Phil Rizzuto was practically singing. Steve Carlton was actually talking. In doing so, each made the Hall of Fame induction ceremony a memorable gabfest.

Leo Durocher was inducted posthumously. His ex-wife, actress Laraine Day, and their son, Chris, stood in for the man they called The Lip."I'm the oldest living rookie in the Hall of Fame," a joyous Rizzuto said Sunday during a rambling speech at the induction ceremonies for baseball's most coveted honor.

Rizzuto, who finally made it to the Hall at age 76 after 26 tries, spent a zany half-hour roaming through, among other things, his baseball career with the New York Yankees.

Carlton, elected in his first year of eligibility by the Baseball Writers Association of America despite his long-running disdain for the media, delivered a short speech that had some unanticipated humor and a dash of emotion.

"I was known as Silent Steve all those years, and this will probably be the most talking I've done in quite a while," said Carlton, who shut out the press for the last half of his 24-year career.

"Being voted in by the writers is like Rush Limbaugh being voted in by the Clintons. I'll take it as a compliment. I appreciate the honor."

Honor notwithstanding, baseball's only four-time Cy Young Award winner appeared somewhat ill-at-ease. Asked afterward about the sport's current labor problems, he gave a glimpse of the reclusive lifestyle he leads in the Colorado Rockies, where he lives on a 400-acre farm with his wife.

"In negotiations, you have to have a certain day (deadline)," said Carlton, who spent 15 years with the Phillies. "I don't know. I don't read newspapers and I don't have a television."

Carlton, 49, who was miffed by a Philadelphia magazine article earlier this year that portrayed him as anti-Semitic, had the chance to tell the baseball world what he really felt all those wonderful years, when he won 329 games, second all-time among left-handers behind Warren Spahn.

He didn't, though, playing it close to the vest in a 15-minute speech that ended with his voice cracking.

"Memory is baseball's fourth dimension. I know the memory of this day will be with my family and myself forever," Carlton said.

Rizzuto promised to tell his story as quickly as it was flashing by. And it appeared to be approaching warp speed. He jumped from the nine World Series he played in to the minor leagues, to his childhood in Brooklyn, to a favorite subject - food.
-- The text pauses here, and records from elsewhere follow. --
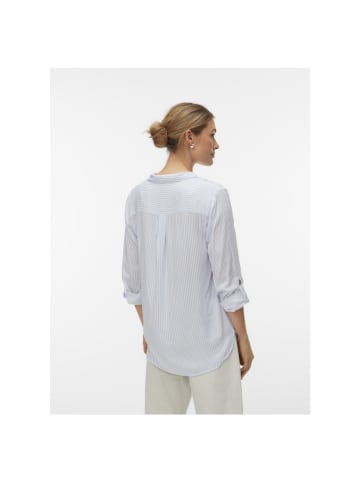 Vero Moda Langarmbluse in Brunnera Blue2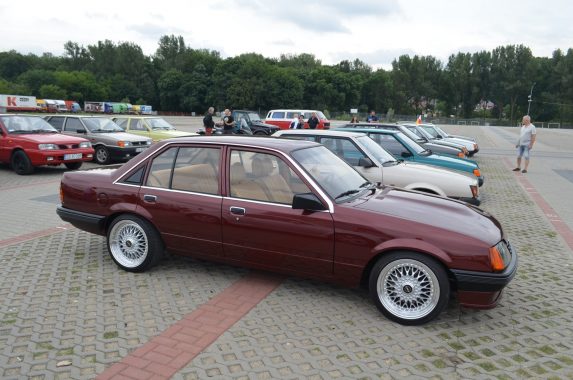 Opel Rekord E2 youngtimer Klassikautopl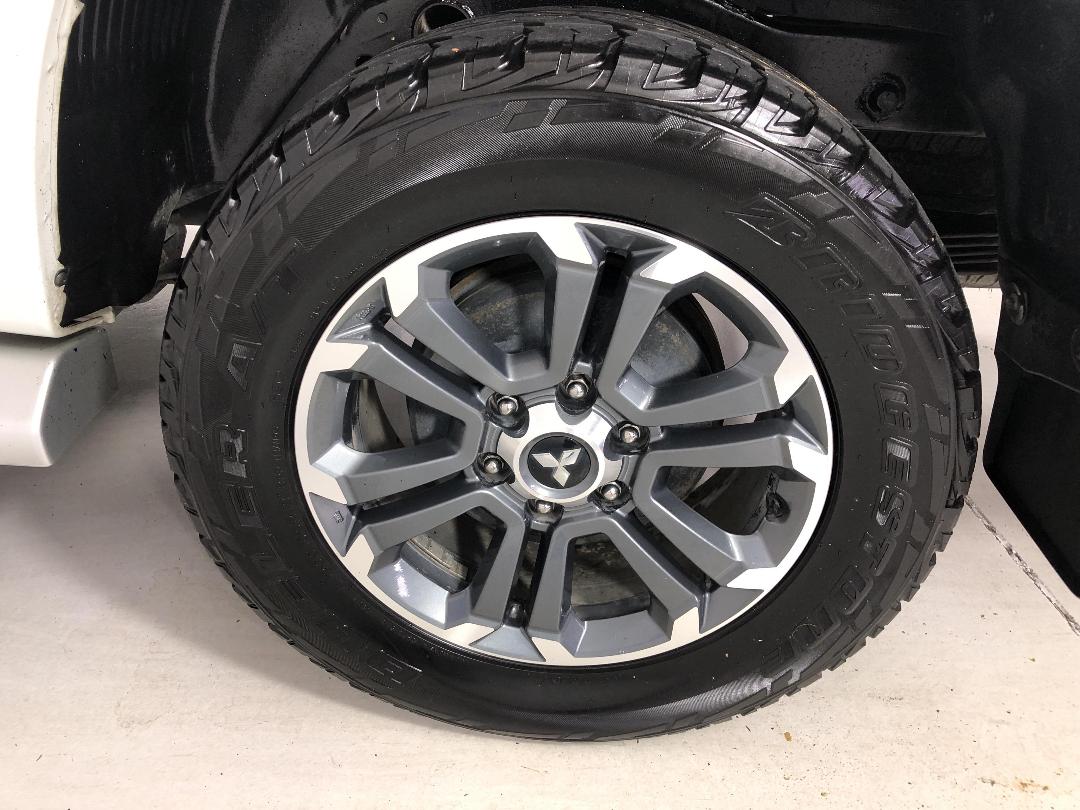 Photo '11' of Mitsubishi Triton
Recalling his first taste of southern fried chicken when he was a minor-leaguer in 1937, Rizzuto drew a blank and yelled into the crowd of over 15,000 looking for his former broadcasting sidekick, Bill White.

"Hey White," the Scooter shouted to the ex-National League president. "What's that stuff that looks like oatmeal? Grits! They gave me these grits and I didn't know what to do with them, so I put 'em in my pocket."

Rizzuto had the audience in his pocket, evoking laughter at every turn, especially from the 34 Hall of Famers seated on the podium. Even ultra-serious Bob Gibson and stoic Carl Yastrzemski keeled over at times.

The feisty Durocher, whose Giants, Dodgers, Cubs and Astros teams won 2,008 games, seventh on the all-time list, died in 1991 at age 86.